#### WHAT IS EXPECTED:
Please write out the lines of the data exactly, beginning with the first and ending with the line containing "Why would it"; leave the pictures behind.

═══ EXTRACTED ENTRIES ═══

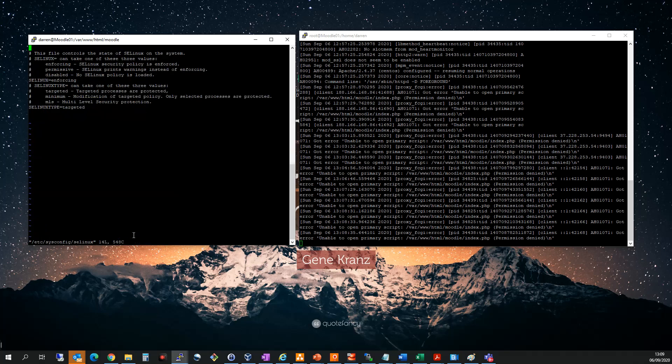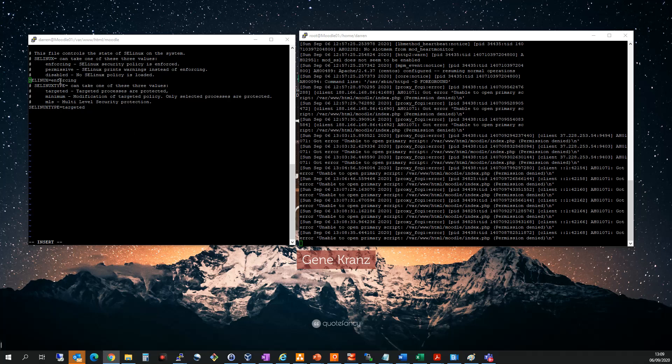I'm going to press I to go into insert mode. What I'm going to do is change this from enforcing to disabled. Let me change this to disabled.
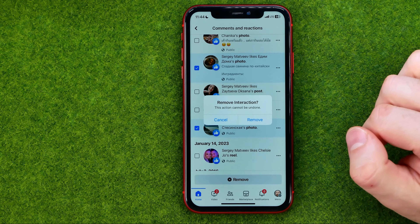That's how you can easily see liked posts on Facebook. If this video helped you out, don't forget to hit the like button.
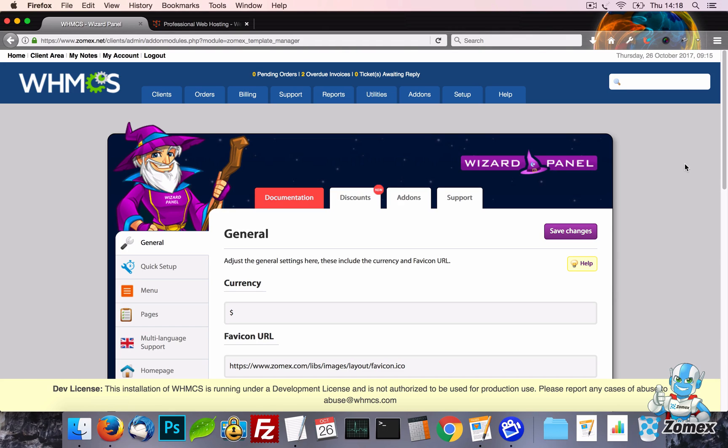In this video I will show you the power of WizardPanel. WizardPanel is our exclusive settings area that allows you to easily edit various aspects of your Zomex template easily without the need to edit any files.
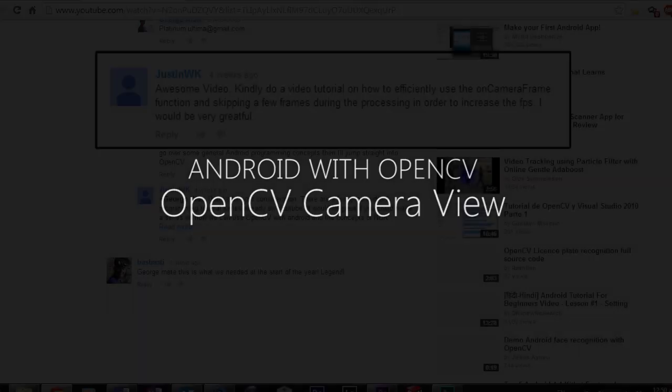Hello and welcome to the third Android with OpenCV video tutorial. Sorry for not having a video for over a month, but it's taken me a long time to decide what I should teach in this video.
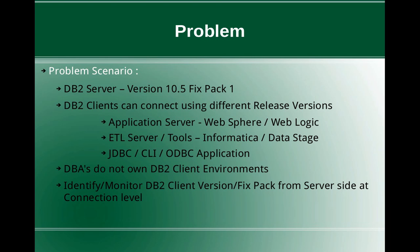It depends on the project, like it varies from project to project. Certain people have dedicated WebSphere admins and Informatica admins or application developers. We don't have any control over what kind of drivers they use. So it becomes necessary from the DBA side to have some kind of mechanism wherein we identify or monitor the DB2 client version or fix pack from the server side at the connection level.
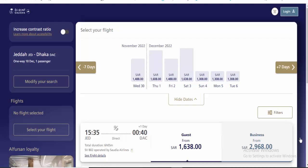Asalaam Alaikum, in this video I'll show you how to find single tickets for December.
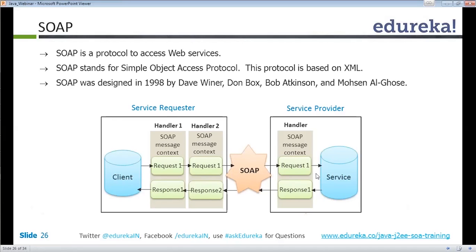Today we are going to learn about SOAP protocol. SOAP is used to access web services and stands for Simple Object Access Protocol. The protocol is based on XML and was designed in 1998 by David Winner, Don Box, Bob Atkinson, and Mohsin.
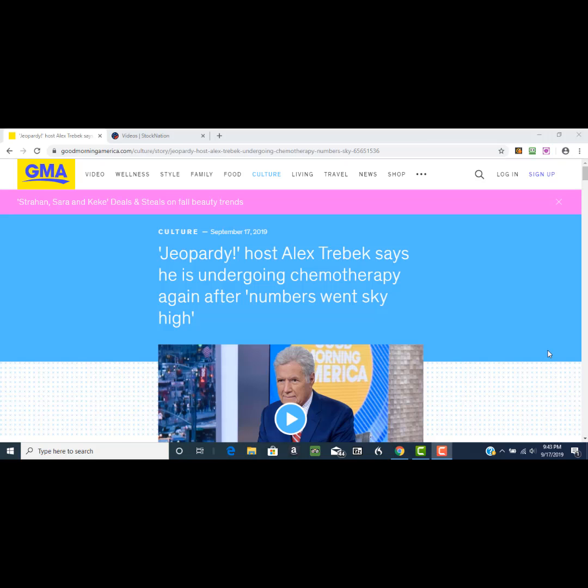Hello, this is Dr. Keith with another quick news nugget. Thank you for joining me. This nugget today is from goodmorningamerica.com, it's a pretty popular story.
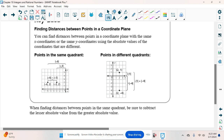Why would it involve absolute value if we're talking about distance on a coordinate plane? What is the definition of absolute value? The distance between a number and zero. Absolute value deals with distance.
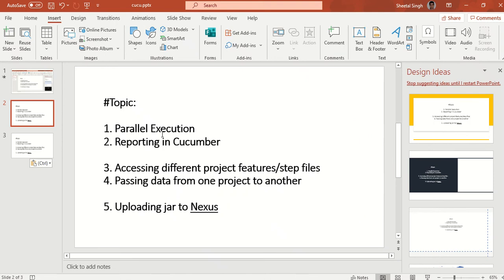Good morning friends and welcome to my channel. Today's topic is going to be very interesting and I hope you are going to enjoy it and learn a lot from this particular chapter. This is one of my favorite topics in Cucumber because I faced a lot of issues while resolving this particular thing, and I thought let's share it with everyone so that if you are also facing such issues, please listen to this session.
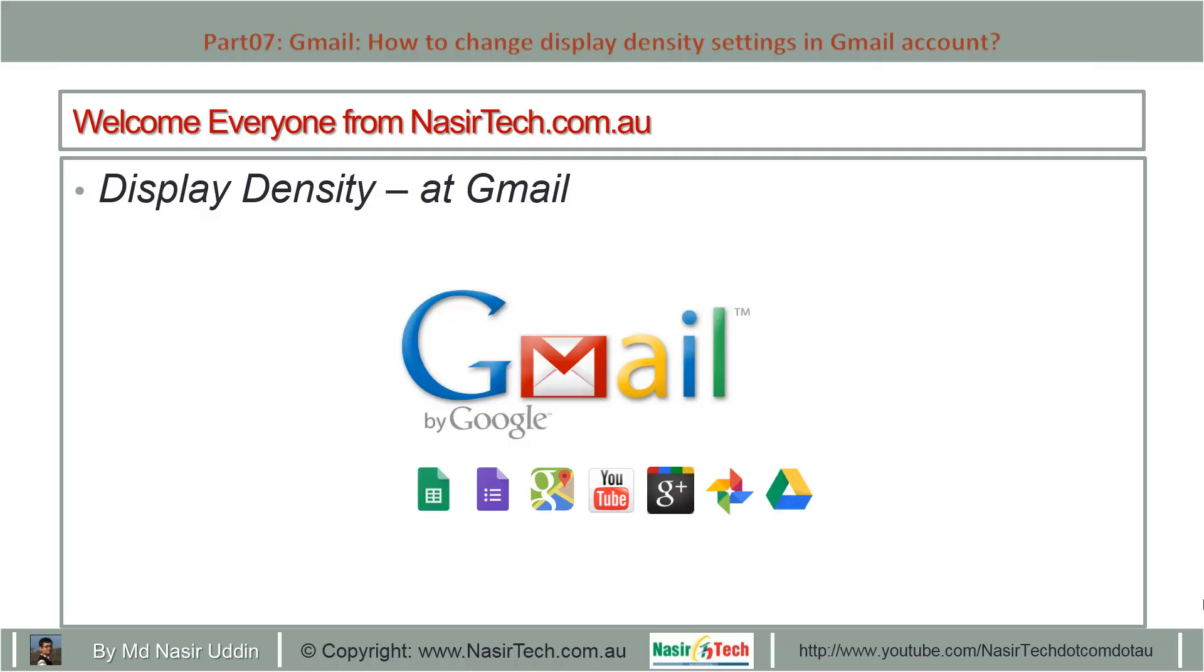Hello everyone from NasirTech.com.au. Today I will show you how to change display density settings in Gmail.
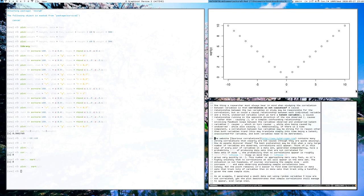Spurious correlations could also be due to a more complicated causal relationship — for example, latent variables. You observe a correlation between X and Y and say X causes Y. But it could be because X causes Y, Y causes X, or because both variables are caused by Z — a variable you never saw — which you might call a latent variable.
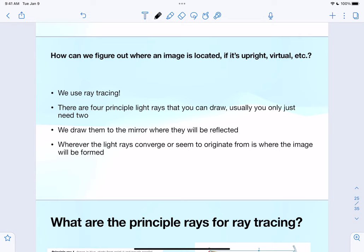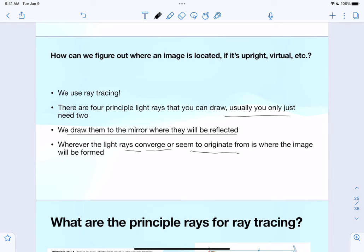We can figure out where an image is located, whether it's upright or inverted, virtual or real, using a technique called ray tracing. As the name suggests, we draw light rays, figure out how they get reflected, see where they converge or seemingly originate from, and that tells us what kind of image is formed.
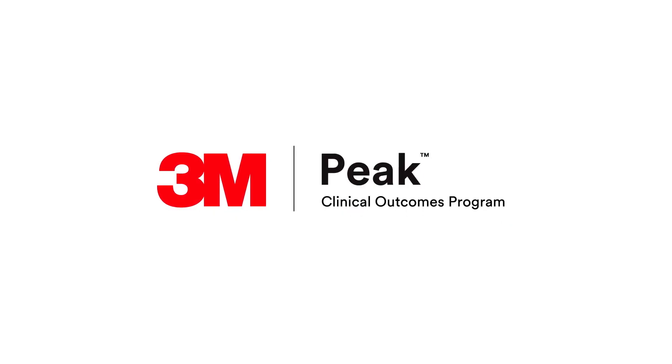Visit our site to learn more about the 3M PEAK Clinical Outcomes Program and how it can help your compliance rates.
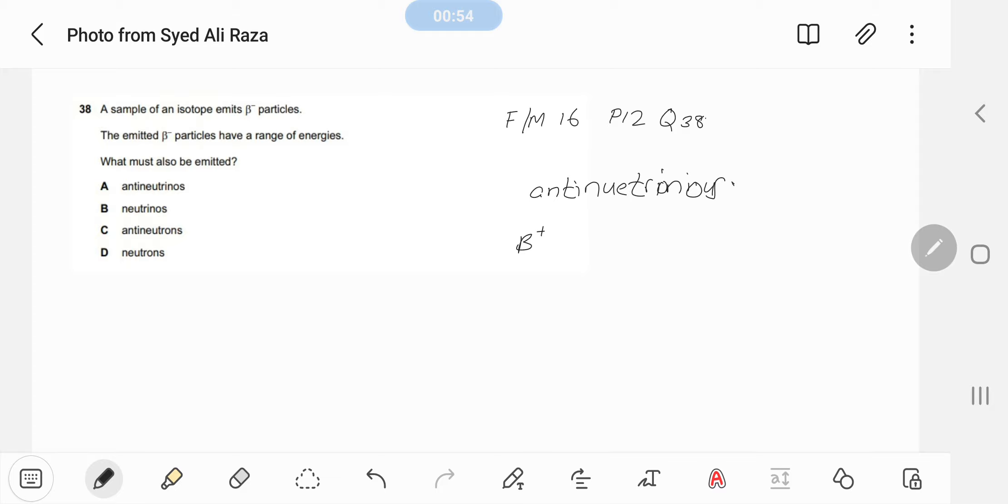To abhi to is wale case mein iska simple answer part A. Thank you.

═══

#### RESULT BELOW:
I'm going to press I to go into insert mode. What I'm going to do is change this from enforcing to disabled. Let me change this to disabled.
That's how you can easily see liked posts on Facebook. If this video helped you out, don't forget to hit the like button.
In this video I will show you the power of WizardPanel. WizardPanel is our exclusive settings area that allows you to easily edit various aspects of your Zomex template easily without the need to edit any files.
Hello and welcome to the third Android with OpenCV video tutorial. Sorry for not having a video for over a month, but it's taken me a long time to decide what I should teach in this video.
It depends on the project, like it varies from project to project. Certain people have dedicated WebSphere admins and Informatica admins or application developers. We don't have any control over what kind of drivers they use. So it becomes necessary from the DBA side to have some kind of mechanism wherein we identify or monitor the DB2 client version or fix pack from the server side at the connection level.
Asalaam Alaikum, in this video I'll show you how to find single tickets for December.
Today we are going to learn about SOAP protocol. SOAP is used to access web services and stands for Simple Object Access Protocol. The protocol is based on XML and was designed in 1998 by David Winner, Don Box, Bob Atkinson, and Mohsin.
Hello, this is Dr. Keith with another quick news nugget. Thank you for joining me. This nugget today is from goodmorningamerica.com, it's a pretty popular story.
Why would it involve absolute value if we're talking about distance on a coordinate plane? What is the definition of absolute value? The distance between a number and zero. Absolute value deals with distance.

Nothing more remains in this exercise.